Architects plan our cities, design our homes, and construct our workplaces. They interact with people who develop, build, supply materials for, and ultimately occupy those spaces. They are in a key position to build strategic alliances among groups that impact virtually everyone through the design, preservation, and restoration of the built environment.
Recognizing this, the American Institute of Architects (AIA) is promoting the message that environmentally sustainable design is vital to our society and the preservation of our planet. AIA’s Committee on the Environment endor-ses and encourages the development of environmentally sustainable architecture through a variety of efforts.
We previously reported (IC #31) on the AIA’s Environmental Resource Guide, a reference guide for design professionals. AIA is now developing a Building Owner’s Guide Toward Environmentally Sustainable Architecture to make the case that environmentally conscious design leads to safer, more productive and efficient interior environments. The booklet will help design firms to present environmental issues – air quality, waste management, energy, and economics – effectively to developers and other clients.
Preparations are now under way for the AIA annual convention, which is being held in June 1993 in conjunction with the Union of International Architects’ (UIA) World Congress. The theme of both events is sustainable communities, opening up exciting possibilities for international dialogue on the subject. According to the AIA’s plans for the conference, "Emphasis will be placed on a methodology to prompt direct action for clean air and water, healthy buildings and cities, preservation of na-tural resources, restoration of degraded landscapes, and biodiversity."
Three related and inter-related AIA programs are:
1) Video Teleconference Series: "Designing a Sustainable Future"
Three teleconferences to be held in early 1993 are intended to develop an awareness among design professionals about sustainability issues, to allow for networking within and outside the design and construction industry, and to provide practical tools for architects to incorporate sustainabilty into their work. Emphasizing successful case studies, an international faculty will be presenting topics including energy, building ecology, and land use and natural resources. The programs are designed to be highly interactive and encourage ongoing discussion.
2) "Call for Sustainable Community Solutions"
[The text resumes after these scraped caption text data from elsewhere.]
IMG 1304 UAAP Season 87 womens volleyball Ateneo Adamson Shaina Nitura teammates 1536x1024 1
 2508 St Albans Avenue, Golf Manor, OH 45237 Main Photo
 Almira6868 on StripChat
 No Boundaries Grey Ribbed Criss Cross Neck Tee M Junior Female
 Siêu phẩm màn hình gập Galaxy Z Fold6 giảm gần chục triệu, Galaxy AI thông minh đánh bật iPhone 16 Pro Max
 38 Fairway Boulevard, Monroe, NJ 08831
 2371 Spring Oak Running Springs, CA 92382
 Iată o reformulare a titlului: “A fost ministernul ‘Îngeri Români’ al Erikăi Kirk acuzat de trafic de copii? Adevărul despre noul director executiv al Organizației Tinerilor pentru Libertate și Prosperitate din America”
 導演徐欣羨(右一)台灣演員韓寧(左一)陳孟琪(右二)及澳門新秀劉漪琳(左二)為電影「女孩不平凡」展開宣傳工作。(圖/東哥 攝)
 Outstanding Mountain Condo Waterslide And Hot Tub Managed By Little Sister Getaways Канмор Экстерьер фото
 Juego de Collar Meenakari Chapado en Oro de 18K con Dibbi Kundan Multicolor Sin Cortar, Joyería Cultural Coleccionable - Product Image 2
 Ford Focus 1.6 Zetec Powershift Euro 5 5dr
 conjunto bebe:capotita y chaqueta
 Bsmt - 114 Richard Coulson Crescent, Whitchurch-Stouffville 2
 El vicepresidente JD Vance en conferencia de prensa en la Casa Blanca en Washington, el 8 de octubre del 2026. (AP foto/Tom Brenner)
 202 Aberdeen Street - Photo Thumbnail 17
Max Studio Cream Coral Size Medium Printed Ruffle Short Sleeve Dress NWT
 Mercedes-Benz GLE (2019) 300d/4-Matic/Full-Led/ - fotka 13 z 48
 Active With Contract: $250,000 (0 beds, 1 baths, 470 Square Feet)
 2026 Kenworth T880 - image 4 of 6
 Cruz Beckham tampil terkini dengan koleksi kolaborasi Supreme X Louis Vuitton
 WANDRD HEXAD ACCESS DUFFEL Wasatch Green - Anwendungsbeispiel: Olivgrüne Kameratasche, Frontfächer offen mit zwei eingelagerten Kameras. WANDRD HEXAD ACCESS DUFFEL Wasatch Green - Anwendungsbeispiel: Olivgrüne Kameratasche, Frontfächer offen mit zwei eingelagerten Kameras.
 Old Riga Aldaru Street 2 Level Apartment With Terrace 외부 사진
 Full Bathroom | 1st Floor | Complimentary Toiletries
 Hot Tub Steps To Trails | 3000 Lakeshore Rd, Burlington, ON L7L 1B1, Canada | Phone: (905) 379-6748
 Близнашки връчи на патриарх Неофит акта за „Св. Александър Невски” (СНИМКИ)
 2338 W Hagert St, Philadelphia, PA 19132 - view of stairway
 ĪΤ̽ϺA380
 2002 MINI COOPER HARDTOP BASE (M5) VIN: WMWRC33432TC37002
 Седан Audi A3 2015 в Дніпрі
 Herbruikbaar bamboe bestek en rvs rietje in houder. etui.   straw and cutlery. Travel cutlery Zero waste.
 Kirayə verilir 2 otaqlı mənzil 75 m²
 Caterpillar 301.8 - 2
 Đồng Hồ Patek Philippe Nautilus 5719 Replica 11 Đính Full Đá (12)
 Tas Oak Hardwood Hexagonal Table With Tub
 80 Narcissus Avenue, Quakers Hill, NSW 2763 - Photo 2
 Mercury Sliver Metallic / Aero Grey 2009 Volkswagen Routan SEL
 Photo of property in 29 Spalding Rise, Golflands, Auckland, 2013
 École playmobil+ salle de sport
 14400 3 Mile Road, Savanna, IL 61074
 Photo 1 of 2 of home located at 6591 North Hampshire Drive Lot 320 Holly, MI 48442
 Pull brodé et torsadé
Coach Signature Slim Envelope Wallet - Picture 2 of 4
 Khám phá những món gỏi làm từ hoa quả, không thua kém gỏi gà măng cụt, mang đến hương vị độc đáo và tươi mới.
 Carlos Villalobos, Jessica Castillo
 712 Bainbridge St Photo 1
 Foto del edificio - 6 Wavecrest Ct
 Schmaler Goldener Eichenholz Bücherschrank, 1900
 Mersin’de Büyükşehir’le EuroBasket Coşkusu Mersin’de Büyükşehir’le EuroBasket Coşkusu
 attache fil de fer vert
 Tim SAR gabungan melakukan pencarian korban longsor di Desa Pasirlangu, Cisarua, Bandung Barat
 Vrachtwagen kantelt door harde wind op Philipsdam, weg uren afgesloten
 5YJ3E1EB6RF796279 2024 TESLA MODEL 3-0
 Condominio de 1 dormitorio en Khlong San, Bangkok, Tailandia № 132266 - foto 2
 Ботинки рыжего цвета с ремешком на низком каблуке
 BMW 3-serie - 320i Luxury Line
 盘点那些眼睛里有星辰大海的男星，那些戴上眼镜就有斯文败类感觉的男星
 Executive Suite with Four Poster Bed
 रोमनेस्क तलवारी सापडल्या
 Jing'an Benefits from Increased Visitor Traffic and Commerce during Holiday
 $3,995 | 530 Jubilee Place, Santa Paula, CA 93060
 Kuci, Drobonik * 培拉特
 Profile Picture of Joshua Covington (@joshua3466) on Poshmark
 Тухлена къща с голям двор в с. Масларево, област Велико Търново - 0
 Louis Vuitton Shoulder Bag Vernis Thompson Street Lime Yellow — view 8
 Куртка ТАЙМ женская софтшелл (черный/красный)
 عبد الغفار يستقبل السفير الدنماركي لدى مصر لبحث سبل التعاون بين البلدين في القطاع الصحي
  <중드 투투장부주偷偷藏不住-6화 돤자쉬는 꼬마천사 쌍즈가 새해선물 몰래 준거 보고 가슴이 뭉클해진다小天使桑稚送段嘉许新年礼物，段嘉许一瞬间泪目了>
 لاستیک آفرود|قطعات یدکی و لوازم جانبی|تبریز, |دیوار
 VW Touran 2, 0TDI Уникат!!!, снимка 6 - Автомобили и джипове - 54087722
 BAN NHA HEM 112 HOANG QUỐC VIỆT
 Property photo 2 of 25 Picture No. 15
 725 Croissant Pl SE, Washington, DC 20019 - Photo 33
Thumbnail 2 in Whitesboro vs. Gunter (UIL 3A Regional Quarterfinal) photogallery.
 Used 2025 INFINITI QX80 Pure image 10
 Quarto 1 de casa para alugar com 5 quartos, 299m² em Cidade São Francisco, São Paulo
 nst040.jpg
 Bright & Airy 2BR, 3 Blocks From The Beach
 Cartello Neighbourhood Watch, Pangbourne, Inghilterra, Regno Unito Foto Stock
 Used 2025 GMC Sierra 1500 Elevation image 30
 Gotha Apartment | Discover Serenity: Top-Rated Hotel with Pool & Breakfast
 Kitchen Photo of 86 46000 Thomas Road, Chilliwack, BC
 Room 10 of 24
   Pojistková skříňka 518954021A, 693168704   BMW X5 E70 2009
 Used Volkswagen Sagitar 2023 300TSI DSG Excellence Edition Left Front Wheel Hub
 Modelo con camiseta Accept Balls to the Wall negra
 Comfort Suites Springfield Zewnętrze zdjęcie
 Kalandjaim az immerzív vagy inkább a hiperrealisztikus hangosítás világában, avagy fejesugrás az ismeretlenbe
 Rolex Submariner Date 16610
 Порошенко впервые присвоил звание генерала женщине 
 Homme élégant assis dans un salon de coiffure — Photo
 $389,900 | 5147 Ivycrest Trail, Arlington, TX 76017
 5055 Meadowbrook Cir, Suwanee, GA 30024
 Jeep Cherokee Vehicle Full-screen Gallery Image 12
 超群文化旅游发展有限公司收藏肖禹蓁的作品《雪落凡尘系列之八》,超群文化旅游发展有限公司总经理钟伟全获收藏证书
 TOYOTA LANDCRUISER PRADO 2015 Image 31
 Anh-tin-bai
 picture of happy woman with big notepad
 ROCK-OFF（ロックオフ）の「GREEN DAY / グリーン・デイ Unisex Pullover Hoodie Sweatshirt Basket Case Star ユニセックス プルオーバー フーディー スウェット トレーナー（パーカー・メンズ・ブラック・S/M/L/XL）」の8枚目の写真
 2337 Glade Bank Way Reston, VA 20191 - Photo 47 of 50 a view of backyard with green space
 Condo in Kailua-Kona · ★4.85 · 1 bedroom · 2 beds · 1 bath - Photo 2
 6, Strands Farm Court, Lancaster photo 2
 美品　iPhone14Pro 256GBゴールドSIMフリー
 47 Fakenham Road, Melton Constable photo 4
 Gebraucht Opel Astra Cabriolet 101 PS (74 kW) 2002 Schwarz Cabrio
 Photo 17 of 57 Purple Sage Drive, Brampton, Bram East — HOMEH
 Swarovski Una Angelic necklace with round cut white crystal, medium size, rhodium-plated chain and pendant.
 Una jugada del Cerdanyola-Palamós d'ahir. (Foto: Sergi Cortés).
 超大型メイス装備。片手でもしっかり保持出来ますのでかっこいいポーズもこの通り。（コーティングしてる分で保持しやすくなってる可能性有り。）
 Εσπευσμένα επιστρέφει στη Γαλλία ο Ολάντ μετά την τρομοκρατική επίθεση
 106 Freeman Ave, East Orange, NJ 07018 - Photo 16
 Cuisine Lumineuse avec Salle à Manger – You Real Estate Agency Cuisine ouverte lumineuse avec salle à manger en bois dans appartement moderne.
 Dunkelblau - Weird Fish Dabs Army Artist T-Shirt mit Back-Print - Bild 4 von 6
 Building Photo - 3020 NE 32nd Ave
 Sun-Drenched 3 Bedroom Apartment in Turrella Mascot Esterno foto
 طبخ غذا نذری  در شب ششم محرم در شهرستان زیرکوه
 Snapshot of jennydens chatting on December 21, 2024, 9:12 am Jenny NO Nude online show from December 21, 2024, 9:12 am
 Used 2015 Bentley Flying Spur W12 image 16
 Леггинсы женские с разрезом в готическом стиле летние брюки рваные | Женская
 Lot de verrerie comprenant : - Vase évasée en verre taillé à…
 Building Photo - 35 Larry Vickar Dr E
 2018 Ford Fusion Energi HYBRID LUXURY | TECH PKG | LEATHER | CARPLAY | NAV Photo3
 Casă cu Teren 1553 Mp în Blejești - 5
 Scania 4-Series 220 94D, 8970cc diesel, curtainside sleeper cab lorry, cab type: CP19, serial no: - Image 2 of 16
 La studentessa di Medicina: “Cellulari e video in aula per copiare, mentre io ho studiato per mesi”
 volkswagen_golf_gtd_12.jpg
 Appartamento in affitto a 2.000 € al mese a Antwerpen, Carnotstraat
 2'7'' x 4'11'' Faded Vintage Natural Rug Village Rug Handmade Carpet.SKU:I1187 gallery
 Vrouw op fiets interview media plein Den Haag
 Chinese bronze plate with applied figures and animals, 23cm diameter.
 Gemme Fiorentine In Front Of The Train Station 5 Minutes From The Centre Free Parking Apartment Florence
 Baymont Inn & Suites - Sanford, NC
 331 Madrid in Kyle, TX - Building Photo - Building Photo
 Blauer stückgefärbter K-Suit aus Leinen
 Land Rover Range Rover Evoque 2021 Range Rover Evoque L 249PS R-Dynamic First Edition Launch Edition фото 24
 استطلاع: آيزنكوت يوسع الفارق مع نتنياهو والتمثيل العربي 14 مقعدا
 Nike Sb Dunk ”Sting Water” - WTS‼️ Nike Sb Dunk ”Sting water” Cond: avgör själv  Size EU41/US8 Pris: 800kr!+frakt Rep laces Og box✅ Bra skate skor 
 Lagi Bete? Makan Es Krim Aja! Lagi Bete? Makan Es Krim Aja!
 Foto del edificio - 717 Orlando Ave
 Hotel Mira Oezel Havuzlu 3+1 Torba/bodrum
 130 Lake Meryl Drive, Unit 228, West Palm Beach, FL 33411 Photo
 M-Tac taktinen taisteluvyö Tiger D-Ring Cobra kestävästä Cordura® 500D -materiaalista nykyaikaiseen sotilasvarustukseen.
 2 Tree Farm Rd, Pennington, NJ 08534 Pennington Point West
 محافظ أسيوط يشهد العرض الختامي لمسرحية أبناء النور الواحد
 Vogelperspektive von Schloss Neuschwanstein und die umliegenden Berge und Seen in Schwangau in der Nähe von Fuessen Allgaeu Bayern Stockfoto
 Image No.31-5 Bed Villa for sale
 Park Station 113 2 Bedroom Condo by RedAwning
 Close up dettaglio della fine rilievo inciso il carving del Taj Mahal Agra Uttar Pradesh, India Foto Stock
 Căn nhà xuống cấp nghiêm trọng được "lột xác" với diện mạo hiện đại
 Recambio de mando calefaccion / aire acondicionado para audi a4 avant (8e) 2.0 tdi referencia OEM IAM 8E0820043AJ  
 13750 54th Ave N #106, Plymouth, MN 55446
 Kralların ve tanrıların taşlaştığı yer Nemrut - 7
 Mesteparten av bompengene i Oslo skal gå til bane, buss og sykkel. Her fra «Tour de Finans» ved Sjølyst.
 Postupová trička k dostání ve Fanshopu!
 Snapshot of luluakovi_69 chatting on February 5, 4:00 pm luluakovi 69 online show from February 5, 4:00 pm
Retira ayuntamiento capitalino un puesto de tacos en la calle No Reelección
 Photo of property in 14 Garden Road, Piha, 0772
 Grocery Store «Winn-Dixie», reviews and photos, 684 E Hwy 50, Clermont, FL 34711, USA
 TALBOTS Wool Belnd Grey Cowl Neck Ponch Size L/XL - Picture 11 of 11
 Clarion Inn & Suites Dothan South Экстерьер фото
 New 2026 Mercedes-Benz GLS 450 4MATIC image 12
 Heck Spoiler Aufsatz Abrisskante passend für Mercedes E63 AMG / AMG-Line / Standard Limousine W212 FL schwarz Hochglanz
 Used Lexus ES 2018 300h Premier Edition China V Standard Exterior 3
This international "ideas exploration" is soliciting sustainable, practical solutions to human settlement problems. Participants are encouraged to work as interdisciplinary teams and submit, in response to a defined issue or need, "a comprehensive solution, grounded in science, technology, economic viability, and cultural appropriateness."
Solutions should restore biodiversity, not cause damage during construction or use, derive energy from renewable resources, minimize waste, and have the potential to be recycled. An international panel of ten experts will select outstanding submissions for awards (totalling $50,000). Competition registration deadline is April 1, 1993.
3) Strategic Partnership for a Sustainable Future
According to the AIA’s Project Summary: "An interdisciplinary teamwork approach to solving our society’s problems is required … No longer can the individual disciplines work alone. No longer can a singular or compartmentalized approach toward design be effective."
To build these working partnerships, the AIA will convene "… a broad-based strategic alliance representing 1) the design and allied professions, 2) the construction industry, 3) the business community, 4) civic and governmental interests, and 5) members of the academic communities …" Using a consensus process, the group will develop a "Declaration of Interdependence," a roadmap toward global ecological responsibility and professional ethics and a "collective statement of philosophy on environmentally responsible human settlement issues … which can serve as collective expression of our desire to create a healthy planet for future generations."